M come memoria. È una risalita verso il presente
Mettiamoci in ascolto di chi porta su di sé i segni del passato
Novembre, mese della memoria. Inizia ricordandoci chi ci ha preceduto nel cammino della fede, tracciando sentieri che ci permettono di raggiungere le vette della santità. Il giorno seguente, i nostri piedi calpestano il “giardino della memoria”, in cui riposano le spoglie dei nostri cari e amici; lì giace per sempre anche quella parte di noi che li ha amati. 4 novembre, festa dell’Unità nazionale: ci si ritrova attorno al monumento per deporre una corona di alloro.
In questi giorni di memoria, mi sono fermato a fissare con attenzione le foto dei giovani che attorniano il mausoleo. Volti ignari di ciò che di lì a breve sarebbe loro accaduto. Si sono fatti immortalare prima di partire per un viaggio senza ritorno.
Nessun sorriso, a differenza delle nostre foto in cui siamo sempre sorridenti: sorridenti in foto e tristi nella vita! Nel fissare questi volti, ho sentito sorgere in me una profonda riconoscenza, preghiera e commozione «perché non sono più» (Ger 31,15): la storia, come una belva impazzita, li ha inghiottiti. È triste ricordarsi di loro solo il 4 novembre mentre per il resto dell’anno sono confortati solo da quella corona di alloro che appassisce velocemente, come la nostra memoria.
Come si può programmare il futuro se non ci si ricorda del passato, se non si fa memoria di ciò che è stato prima che noi cominciassimo a essere? Parafrasando il titolo di un celebre dipinto, non dobbiamo mai dimenticare che il sonno della memoria genera dei mostri, non solo nei tempi passati, ma anche oggi. Il ritorno dell’antisemitismo, del fascismo, comunismo, nazismo… è un segnale inquietante: le foto in bianco e nero di quei ragazzi ci ricordano qual è l’epilogo degli “ismi”.
Fare memoria non significa ricordare qualche episodio accaduto tanti anni fa, oppure leggere un po’ di libri, cose per altro fondamentali, soprattutto nel periodo scolastico. La memoria è qualcosa di più profondo. Non significa nemmeno regredire dal presente al passato, seguendo correnti più o meno tradizionaliste: la nostalgia dei bei tempi. Fare memoria, al contrario, significa far progredire il passato fino al presente. Entrare nelle vicende che ci hanno preceduto, comprendere il più possibile le radici di quel dramma, di quella catastrofe politica, di quella calamità sociale e, carichi di queste terribili memorie, risalire lentamente verso il presente, perché «la memoria dell’orrore è l’unico antidoto per evitare il suo ritorno» (Paolo Rumiz).
In questo lavoro di risalita verso il presente è necessario farsi accompagnare da chi il passato lo ha vissuto in prima persona e ne porta ancora i segni: i vecchi.

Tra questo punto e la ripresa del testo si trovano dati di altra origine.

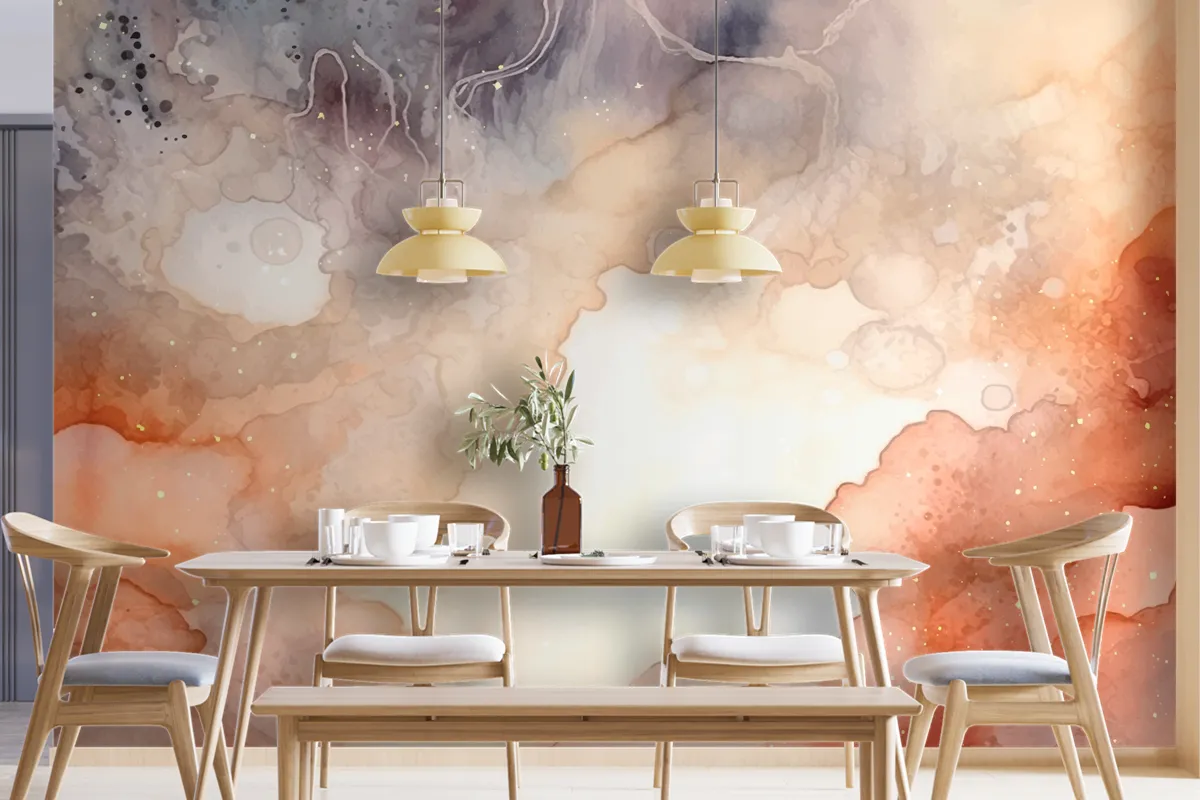 Neutral Watercolor Background Wallpaper Mural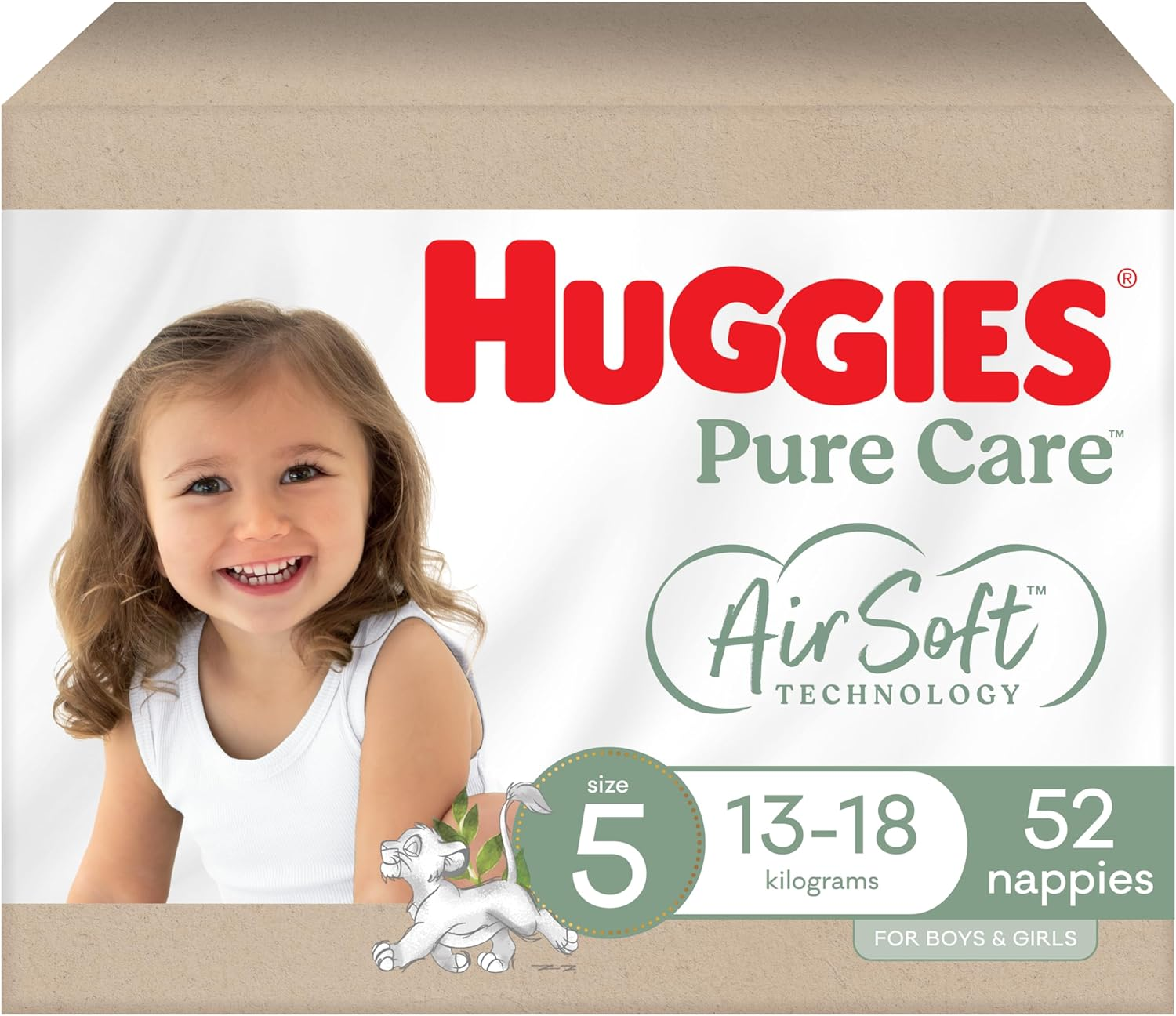 Huggies Pure Care Nappies Size 4 (10-15kg) 58 Count (Packaging May Vary) - Picture 13 of 14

Chi è carico di anni, chi si è speso per il bene comune o ha avuto esperienza nell’amministrazione della cosa pubblica non può essere semplicemente “rottamato” – termine terribile quando è rivolto a una persona. Queste persone andrebbero piuttosto messe nella condizione di raccontare l’esperienza vissuta.
La speranza di un futuro migliore è legata all’ascolto di chi sa far memoria del passato. Un albero senza radici crolla sotto le prime raffiche di vento, una politica senza memoria è destinata a crollare sotto i colpi dei populisti che, come un’ascia, colpo dopo colpo, stanno separando il tronco del presente dalle radici del passato. Le varie forme di radicalismo, soprattutto da parte dei giovani ma non solo, trovano alimento nel vuoto di memoria, che facilmente diventa un vuoto di senso e, terrorizzati dal nulla, si diventa facili prede dell’indottrinamento.